At some point in the post-production, “Transcendence” must have become unmoored from higher aspiration, from larger themes of knowledge, personality, belief, as dour doings and dubious tech-speak take the reins. Instead of going loop-di-loop in its most ding-dong moments, “Transcendence” falls back on its own virtual memory of movies greater and lesser, like, well, “2001: A Space Odyssey,” “THX-1138,” “Colossus: The Forbin Project,” “Freejack,” “Demon Seed,” “Altered States,” “Gattaca,” “A Beautiful Mind” as well as the work of sculptor Cornelia Parker. (I would have settled for a beautiful mindfuck.)
The filmmakers’ skills may be in the right place, but the talent is elsewhere. Shot on film by Jess Hall (“The Spectacular Now,” “Hot Fuzz”), “Transcendence” loses track of the larger picture. Cluttered set dressing and loose, yet still largely acute widescreen compositions impress but are never more than decorative. Motifs rise in recurring patterns—traffic lights that blur and shift in anamorphic display; drops of water form and shimmer along greenery in a garden, then blend with other drops as if meant to illustrate the “singularity” the film does not; a succession of settings where corridors or arrays extend to the horizon more comprehensively than even the largest IKEA warehouse on earth—but plot complications rest heavily upon the eyelids. There’s a clatter of inappropriate detail in too many scenes, such as when an important piece of exposition reels out in front of a large flatscreen yet the words “Colorectal Cancer” are festooned on the other side of the character’s head. Still, Pfister and his cinematographer excel with hair: Depp’s multiple mad tousles and fetching forelocks are matched by the notably stylized hairstyling of each character. (The movie’s most heart-stopping instant may be one where Rebecca Hall gives a slight toss of her hair in studied sunlight.)

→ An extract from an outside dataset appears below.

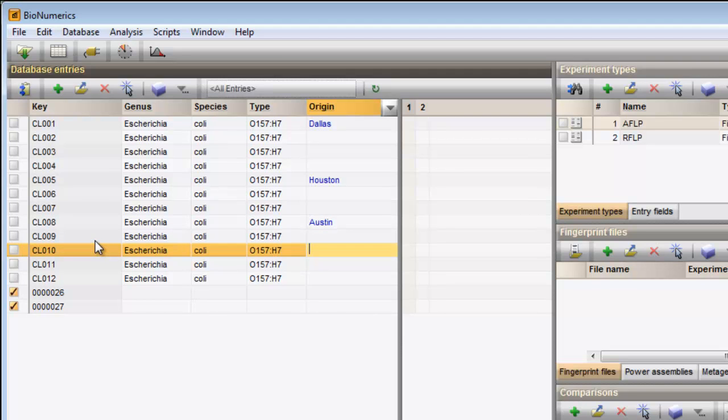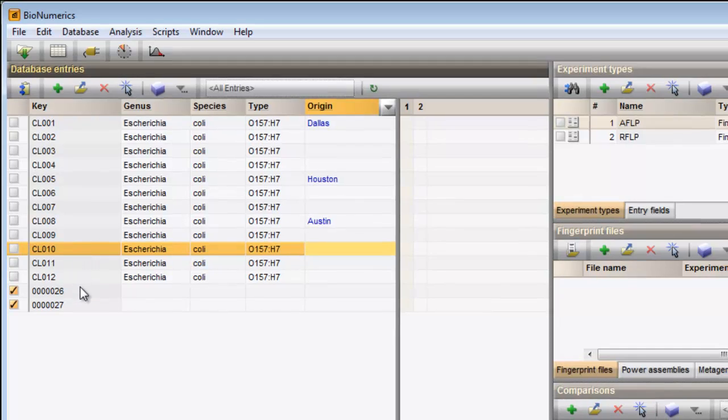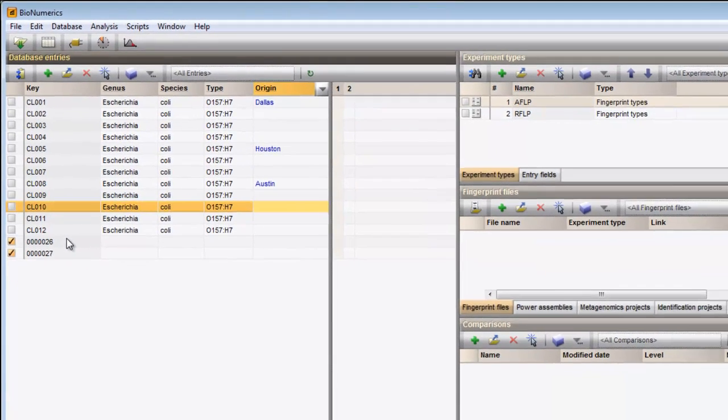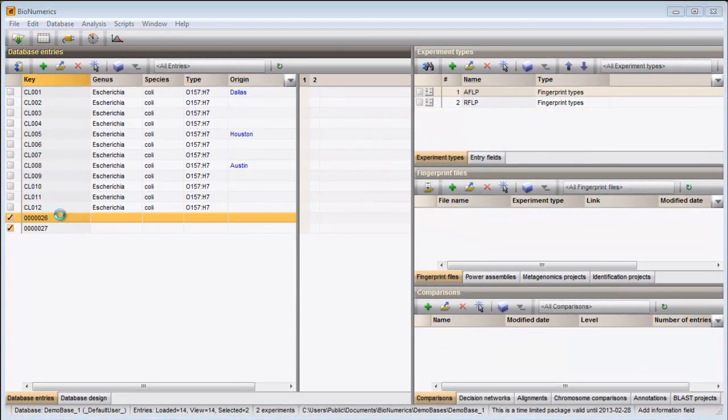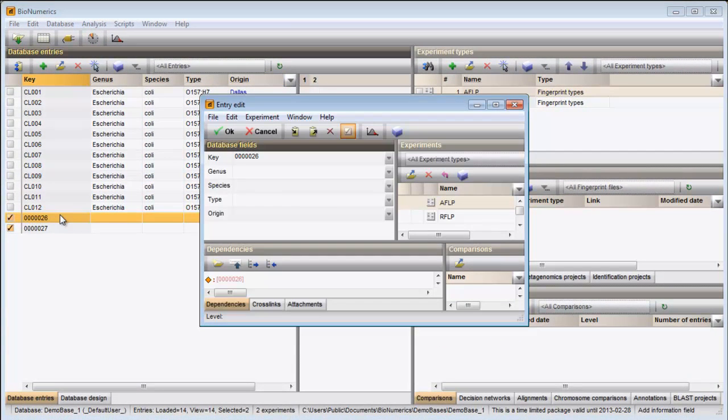Entering information can also be done in the Entry edit window. Double-click on an entry to open this window. As an example, I will change the key for this entry.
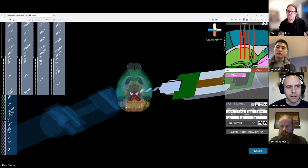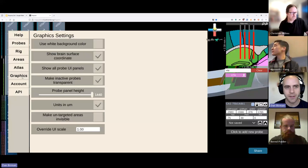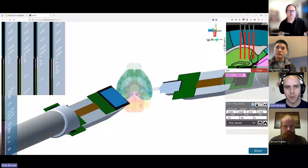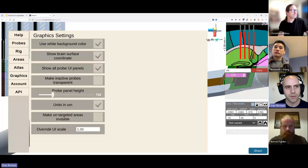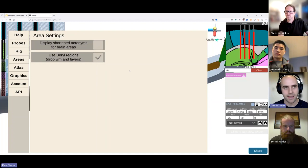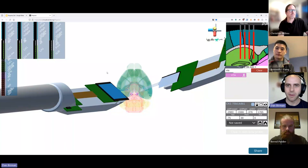There are lots of other settings hidden in here — convenience settings like the ability to set the background color to white for making paper figures, options to change whether other probes are transparent, and the ability to shrink the probe panels. If you want to see full names of areas, that setting is in there as well. Feel free to reach out if you ever find bugs, because we are continuously developing Pinpoint and are always looking for feedback to help us improve.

The presence of Cillian Murphy as some kind of government agent evokes the grimier apocalypse of “28 Days Later,” yet Pfister unaccountably chooses to hide the wellsprings of his malefic and haunted blue eyes behind… sunglasses? But other accessories obtain: In a timeline that zigzags over the course of months, Rebecca Hall’s character excels at keeping her lovely, well-cut white blouse clean of New Mexico dust while her cute, simple espadrilles ensure that she is never taller than any apparition of her husband. With Paul Bettany, Morgan Freeman, Kate Mara, Cole Hauser, Clifton Collins, Jr. 119m. Widescreen. (Ray Pride)
“Transcendence” opens Friday, April 18.
Ray Pride is Newcity’s film critic and a contributing editor to Filmmaker magazine.